Please transcribe exactly, and only, the lines of the data below between the line holding "Stitch Diamond Sponge" and the line holding "Blue Jean Skirt", inclusive.
Entries provided START
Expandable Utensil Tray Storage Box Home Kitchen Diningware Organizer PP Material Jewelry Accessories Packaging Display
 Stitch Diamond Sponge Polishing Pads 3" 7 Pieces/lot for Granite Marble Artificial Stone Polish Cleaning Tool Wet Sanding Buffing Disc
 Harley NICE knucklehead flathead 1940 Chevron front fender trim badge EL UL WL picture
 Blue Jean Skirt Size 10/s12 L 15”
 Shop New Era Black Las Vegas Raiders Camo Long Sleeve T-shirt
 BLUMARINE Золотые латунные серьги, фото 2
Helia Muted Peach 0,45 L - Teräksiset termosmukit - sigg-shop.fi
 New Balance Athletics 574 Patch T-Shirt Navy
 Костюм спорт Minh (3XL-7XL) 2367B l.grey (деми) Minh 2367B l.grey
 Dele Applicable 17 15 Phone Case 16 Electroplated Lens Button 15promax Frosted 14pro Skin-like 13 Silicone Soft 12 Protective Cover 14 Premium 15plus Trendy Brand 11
Entries provided END
▶ [Solution to the exercise]:
 Stitch Diamond Sponge Polishing Pads 3" 7 Pieces/lot for Granite Marble Artificial Stone Polish Cleaning Tool Wet Sanding Buffing Disc
 Harley NICE knucklehead flathead 1940 Chevron front fender trim badge EL UL WL picture
 Blue Jean Skirt Size 10/s12 L 15”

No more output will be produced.